Tim Albery’s 2009 production of Wagner’s opera has heaved back into port at the Royal Opera, with the ghost ship of legend once again casting a long shadow over Michael Levine’s set: a huge industrial ship’s deck, curved almost as vertiginously as a skate park half-pipe, over which scurries and slides a crew of oilskinned sailors. And once again the phantom Dutchman himself gets a memorable performance from Bryn Terfel. Vocally it’s not the same performance that he was able to give 15 years ago – he has to push against the orchestra at both the top and bottom of his range now, and his tenderness towards Senta comes across in his look more than his voice – but every word is meaningfully projected, every line full of character. Terfel has owned this role, here and elsewhere, and he’s not about to give it up.

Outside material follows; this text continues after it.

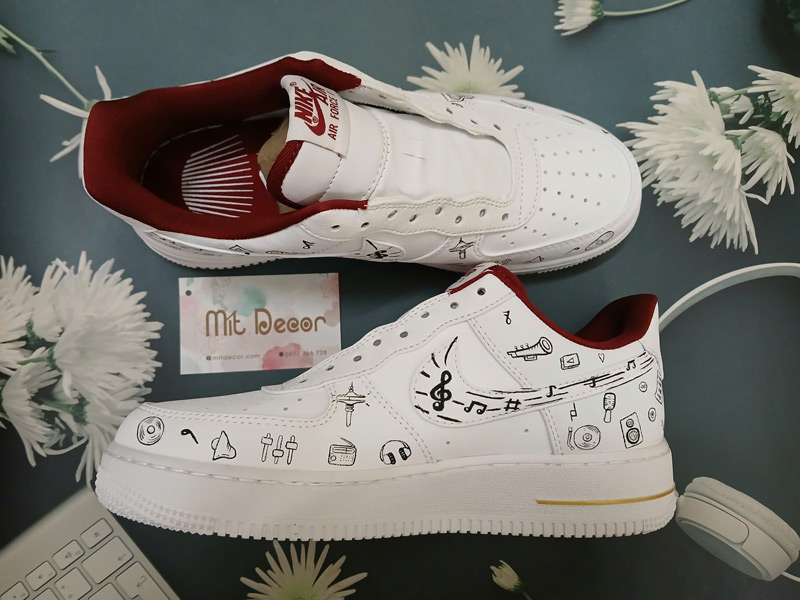 custom giày uy tín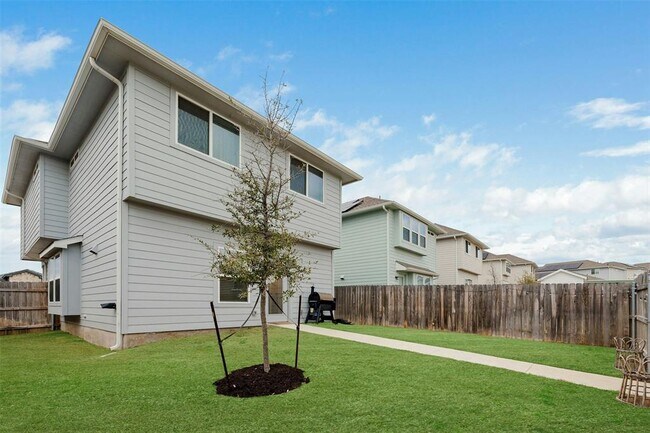 Building Photo - 9605 Grapevine Leaf Dr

The Flying Dutchman is the work of a composer still in transition, from the established norms of 19th-century opera into the long-form mastery of his later works, and one might expect the odd dip in energy when its two-and-a-quarter hours are performed straight through without a break, as here. Yet even accounting for that, the revival feels slightly lukewarm. With Henrik Nánási conducting, the intensity of the orchestral playing comes and goes. Nánási can be strong on detail but is not consistently so – there are times when the orchestra provides the run-up to a big, bounding voice entry but the two don’t quite join up, and the effect falls flat. The women’s chorus, sung from behind ranks of sewing machines under eye-achingly bright striplights, itself sounds laborious, the rhythms overstressed.